Yesterday, I had a thought. It didn't fit into a tweet so wrote a few paragraphs. I was very pleased with myself, finally getting round to writing again after a few months off. That was, until two different people who I respect highly, told me I was wrong. That part sucked.
Who Can Do This For Me?
Mike Amundsen stated in comments on the blog that what I was describing was simply the usage of a service, not the discovery of service. Mike has written about the process of service discovery as part of a series of articles in Infoq. Mike uses the term Service Discovery to describe the process of identifying who will be providing a particular service as part of an application.
If we were to consider a real example, consider the need to provide security services within an application. One part of that process is the role of an authentication manager. Some service needs to take credentials and provide an identity. There are a whole range of choices. An application developer could create their own service. They could use an open source product like IdentityServer, or a hosted service like Auth0 or Stormpath. Many different identity providers also provide service APIs for doing authentication. e.g. AzureAD, Facebook, Google, LinkedIn, Twitter, Github.
Currently there are minimal facilities for doing this "service discovery" in any kind of automated way. If we look into the past, some will remember UDDI as promising this kind of capability. More recently, apis.io was created as a search engine to facilitate the discovery process.
Where Is It Now?
John Sheehan also felt that I was misappropriating the Service Discovery term. From his perspective,
@@darrel_miller it's about separating the logical location from the physical so that the application layer doesn't need to think about it.
— John Sheehan (@@johnsheehan) September 3, 2015
Being a past member of the Runscope team, I know how critical the microservices architecture is to their product. I also have a good idea of how much devops work they have done to enable the agility of their product. Being able to separate the logical identity of a service from the physical identity is hugely valuable when it comes building scalable, reliable and evolvable systems.
When building products that are composed of many different services it can challenging to to seamlessly support dev, test and production environments. The same goes for being able to roll back deployed services and fail-over services. Having systems in place that allow you to dynamically change physical addresses of machines for logical services is essential.

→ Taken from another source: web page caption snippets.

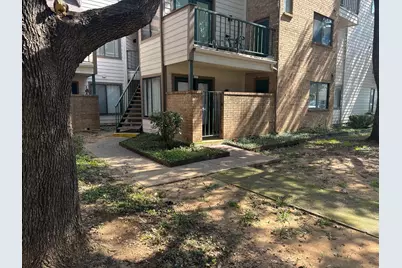 2309 Balsam Drive #K106, Arlington, TX 76006 - Photo 1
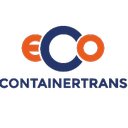 Eco Containertrans GmbH company logo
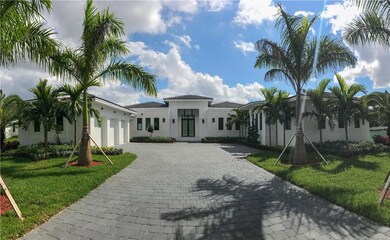 15300 SW 54th Place, Southwest Ranches, FL 33331 - photo 5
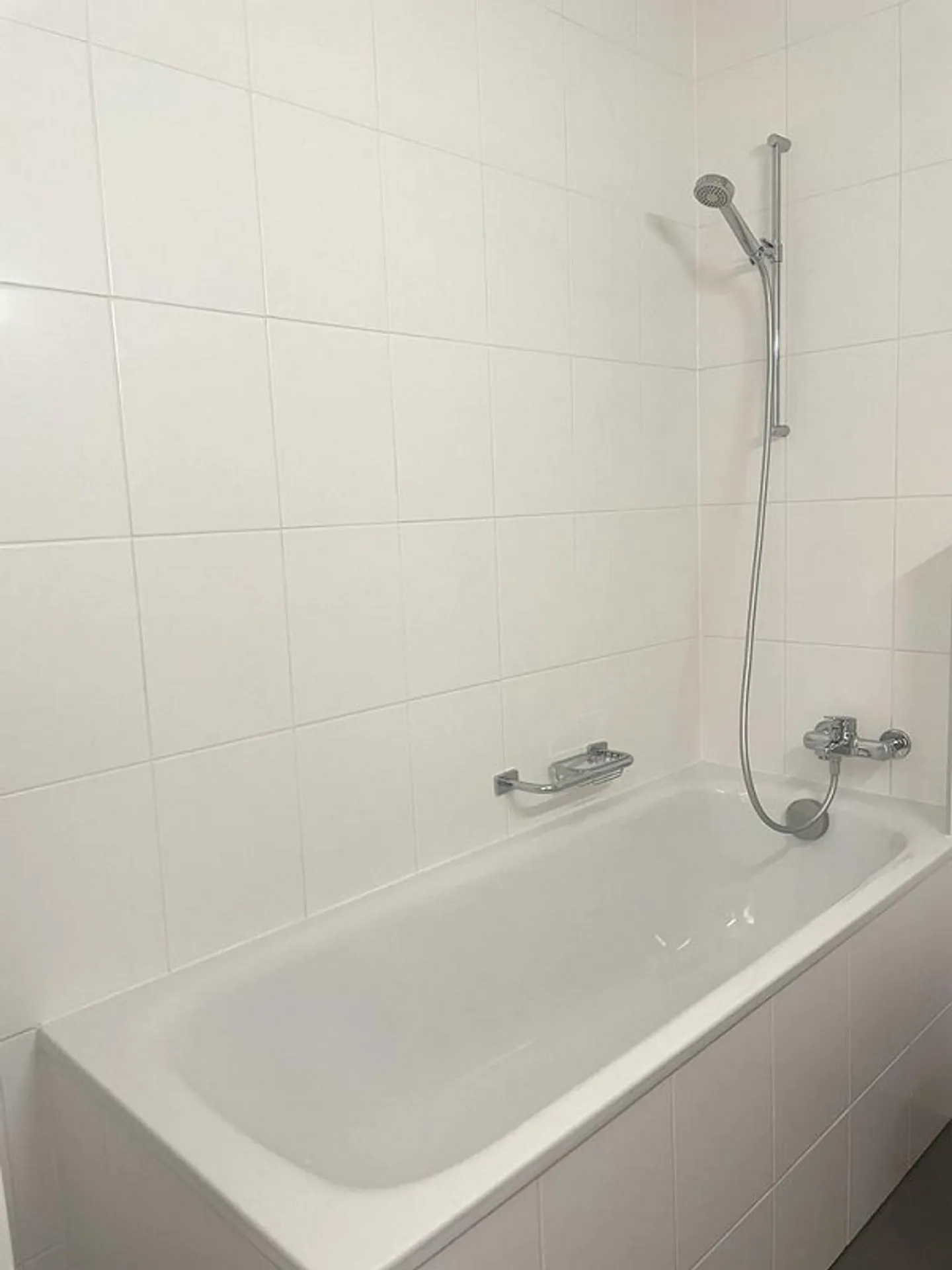 3,5-Zimmer-Wohnung in Acacias / Carouge - Foto 6 von 9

What Identifier Should I use?
Both Mike and John we correct. I was using the term Service Discovery to describe something different. But interestingly, so were they.
What I described was a distinct process that falls somewhere in-between their definitions. I was describing the use of a URL as a service identifier. Once an application has "discovered" which authentication service they are going to use, an identifier for that service needs to be communicated in some way to components of the application in order for them to interact with the service. This could be done as simply as adding a config entry for each application component. It could be centralized in some kind of registry service that other services use to discover the identifier, or as I was suggesting it could be delivered via hypermedia.
The idea is that a component that needs access to authorization capabilities only needs to know in advance the link relation type identifier used to advertise authorization services, it doesn't need to find out until runtime what the identifier for that service is. Having some kind of semantically significant type associated to the service identifier is a key concept for enabling this type of discovery.
I'm not going to deny that there is some smoke and mirrors going on here because interchangeable services from different identity providers is still fairly uncommon. However, standards like OAuth2 do provide a certain level of consistency. Just because something isn't possible today, doesn't mean it is not a good idea .
Naming is Hard
I believe all three scenarios are valid and could easily be described as "service discovery". That's not going to help though! For my own sanity, I decided to try and come up with distinct names for these different types of discovery.
- Provider Discovery is the process of finding a service that can provide the desired capabilities.
- Service Identification is the process of getting an identifier for a service that will provide a certain type of service.
- Service resolution is the process of taking a service identifier and locating a specific implementation of that service.
I have no illusions that these definitions are "right" or that they will gain any traction, but it will help me have conversations about a topic that I think is very important.